▶ Work item:
Every entry, start to finish, should be printed verbatim without pictures.

▶ Data to process:
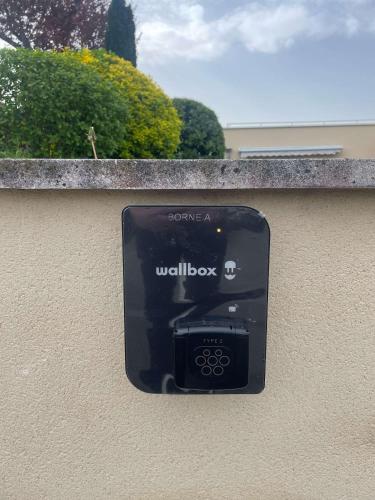 a black box on the side of a wall at La Bonbonniere - Sure Hotel Collection by Best Western in Talant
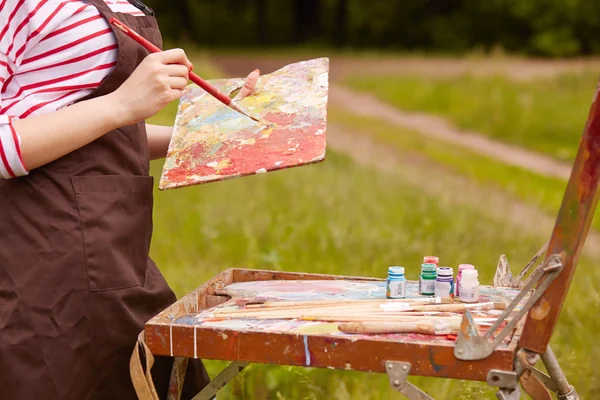 Tiro ao ar livre de mulher desconhecida em torno da natureza, vestindo avental marrom, segurando escova e paleta, fazendo pincelada varrendo, criando esboços ao ar livre, tubos com tintas estão em vista. Conceito de arte . — Fotografia de Stock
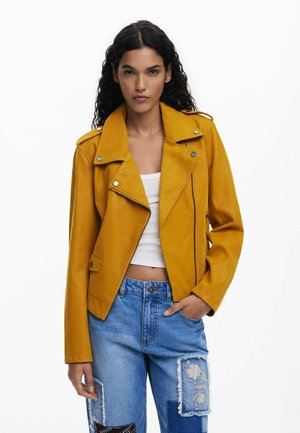 Yellow leather biker jacket with a lapel collar, zippered pockets, and button accents, paired with light blue distressed jeans.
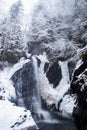 Big high Waterfall in the mountain winter forest with snow-covered trees and snowfall Royalty Free Stock Photo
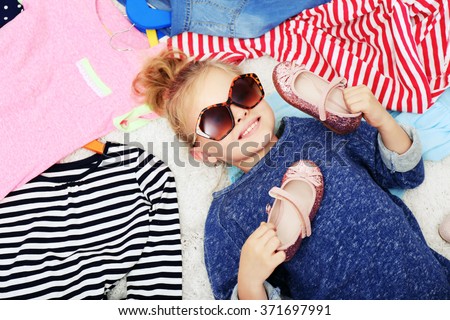 Little girl and new clothes, top view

▶ Expected answer:
 a black box on the side of a wall at La Bonbonniere - Sure Hotel Collection by Best Western in Talant
 Tiro ao ar livre de mulher desconhecida em torno da natureza, vestindo avental marrom, segurando escova e paleta, fazendo pincelada varrendo, criando esboços ao ar livre, tubos com tintas estão em vista. Conceito de arte . — Fotografia de Stock
 Yellow leather biker jacket with a lapel collar, zippered pockets, and button accents, paired with light blue distressed jeans.
 Big high Waterfall in the mountain winter forest with snow-covered trees and snowfall Royalty Free Stock Photo
 Little girl and new clothes, top view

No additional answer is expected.